- [What to work on]: Could you give the number of lines in the entries below that contain the word "Assinatura"? Only the number is wanted.

- [Records]:
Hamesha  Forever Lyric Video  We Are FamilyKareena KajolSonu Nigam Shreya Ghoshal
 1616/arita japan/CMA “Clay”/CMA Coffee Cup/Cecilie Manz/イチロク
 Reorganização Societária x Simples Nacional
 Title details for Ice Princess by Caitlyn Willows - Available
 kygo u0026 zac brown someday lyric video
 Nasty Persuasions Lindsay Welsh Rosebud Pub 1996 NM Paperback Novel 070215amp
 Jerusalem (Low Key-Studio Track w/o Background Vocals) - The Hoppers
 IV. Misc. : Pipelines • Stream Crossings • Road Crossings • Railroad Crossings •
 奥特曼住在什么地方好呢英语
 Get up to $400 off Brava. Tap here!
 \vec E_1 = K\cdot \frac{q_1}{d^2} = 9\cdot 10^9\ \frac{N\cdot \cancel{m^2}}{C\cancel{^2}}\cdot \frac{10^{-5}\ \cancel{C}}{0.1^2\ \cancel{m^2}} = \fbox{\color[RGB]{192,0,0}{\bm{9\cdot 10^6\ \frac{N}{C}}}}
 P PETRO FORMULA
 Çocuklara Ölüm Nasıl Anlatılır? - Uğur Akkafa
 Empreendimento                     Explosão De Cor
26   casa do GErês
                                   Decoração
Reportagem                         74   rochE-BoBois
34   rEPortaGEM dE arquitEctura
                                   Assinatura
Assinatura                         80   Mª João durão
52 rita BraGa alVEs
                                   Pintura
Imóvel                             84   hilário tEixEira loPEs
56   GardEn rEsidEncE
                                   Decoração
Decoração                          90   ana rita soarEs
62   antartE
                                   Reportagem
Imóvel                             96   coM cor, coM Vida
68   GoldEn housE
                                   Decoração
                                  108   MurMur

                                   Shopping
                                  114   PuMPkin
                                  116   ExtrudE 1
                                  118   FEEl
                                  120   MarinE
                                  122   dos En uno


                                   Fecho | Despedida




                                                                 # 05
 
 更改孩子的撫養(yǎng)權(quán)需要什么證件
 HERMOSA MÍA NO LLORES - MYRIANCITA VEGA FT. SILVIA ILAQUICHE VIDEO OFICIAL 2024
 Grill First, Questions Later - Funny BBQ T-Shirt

- [Completed exercise]: 2